* EXCERPTED RECORDS *
☆ ☆ ☆
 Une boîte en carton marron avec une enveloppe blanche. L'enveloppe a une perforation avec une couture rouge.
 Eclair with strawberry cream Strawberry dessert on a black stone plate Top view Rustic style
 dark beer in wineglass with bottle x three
☆ ☆ ☆
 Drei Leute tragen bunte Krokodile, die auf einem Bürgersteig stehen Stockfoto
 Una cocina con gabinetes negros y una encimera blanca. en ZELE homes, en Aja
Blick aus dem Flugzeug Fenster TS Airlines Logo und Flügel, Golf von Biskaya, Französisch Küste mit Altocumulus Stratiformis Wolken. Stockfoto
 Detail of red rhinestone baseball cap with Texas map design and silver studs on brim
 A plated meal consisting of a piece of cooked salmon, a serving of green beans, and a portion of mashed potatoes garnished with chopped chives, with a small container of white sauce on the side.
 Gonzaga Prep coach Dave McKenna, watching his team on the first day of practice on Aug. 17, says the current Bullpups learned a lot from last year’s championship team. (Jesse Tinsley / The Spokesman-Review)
☆ ☆ ☆
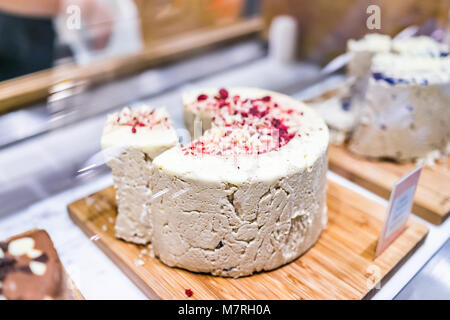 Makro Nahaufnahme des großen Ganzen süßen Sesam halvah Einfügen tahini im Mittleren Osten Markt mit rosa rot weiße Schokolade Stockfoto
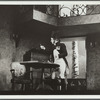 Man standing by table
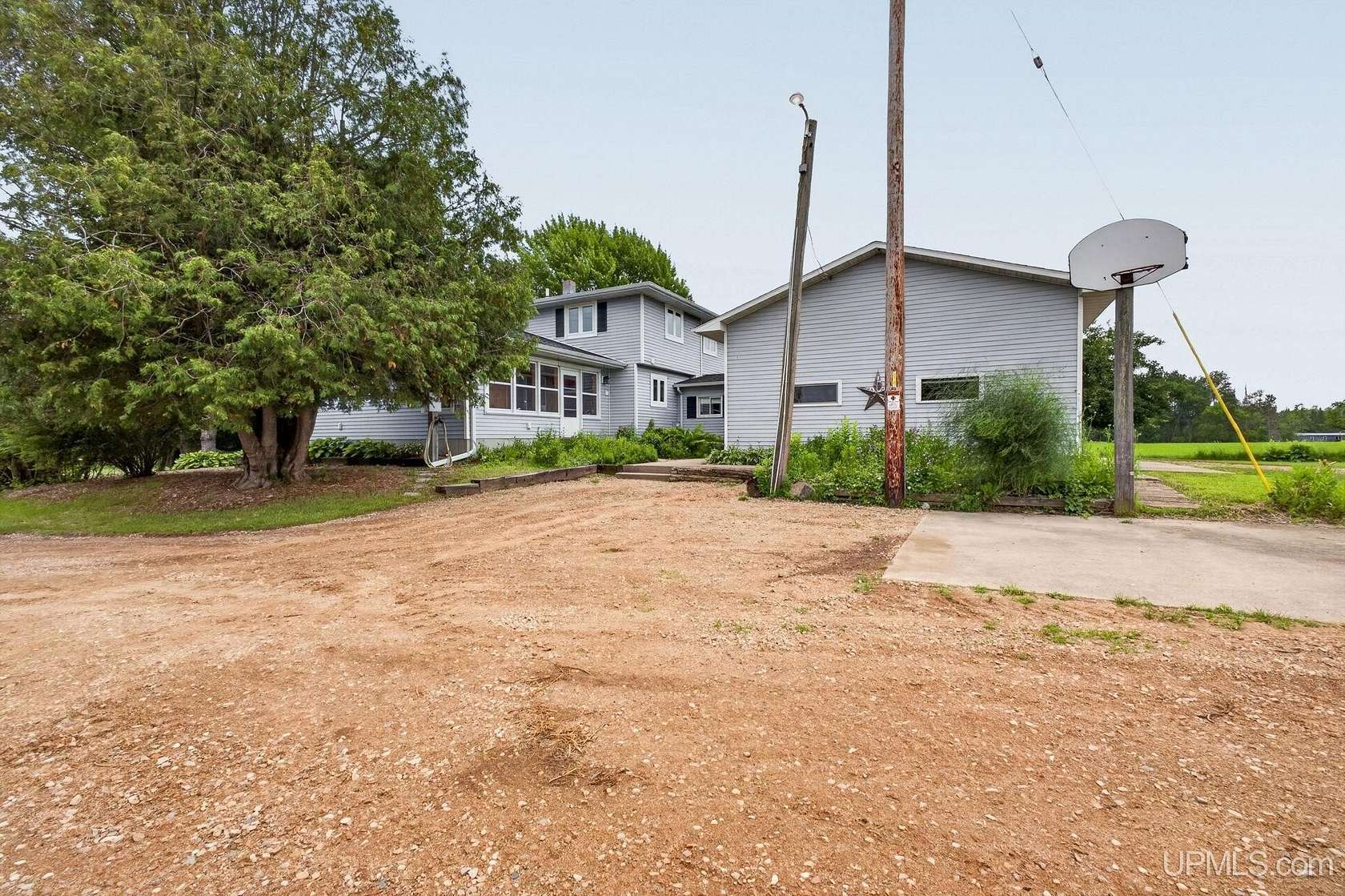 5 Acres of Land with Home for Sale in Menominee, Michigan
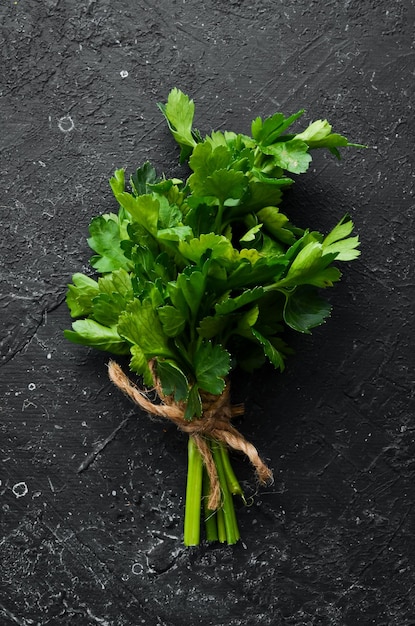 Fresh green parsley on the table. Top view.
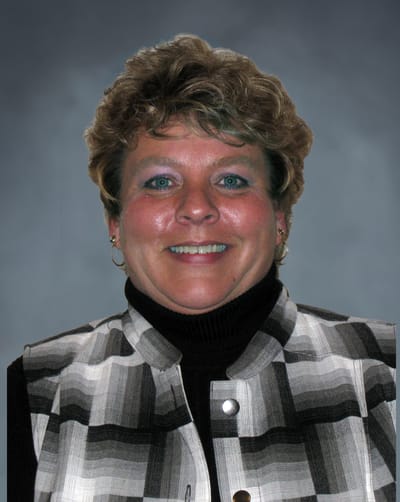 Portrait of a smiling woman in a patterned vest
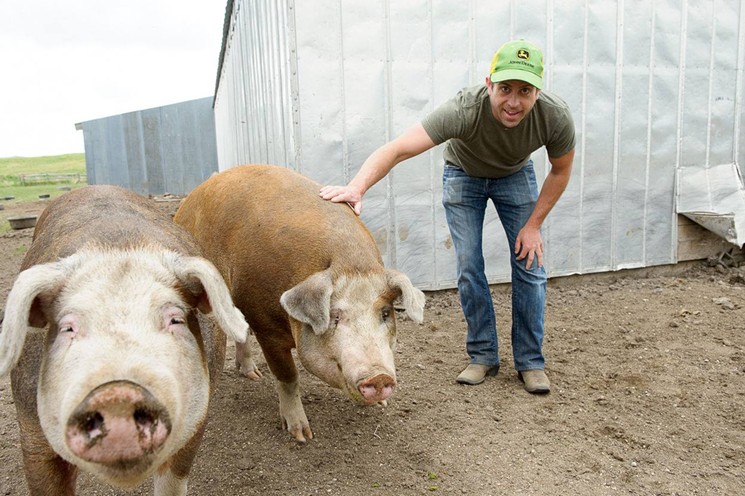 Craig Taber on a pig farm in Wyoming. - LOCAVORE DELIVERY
☆ ☆ ☆
Would you print, exactly as written, every line above from the one holding "Detail of red" through the one holding "A plated meal", with both included and no other lines?

* RESULT OF THIS TASK *
 Detail of red rhinestone baseball cap with Texas map design and silver studs on brim
 A plated meal consisting of a piece of cooked salmon, a serving of green beans, and a portion of mashed potatoes garnished with chopped chives, with a small container of white sauce on the side.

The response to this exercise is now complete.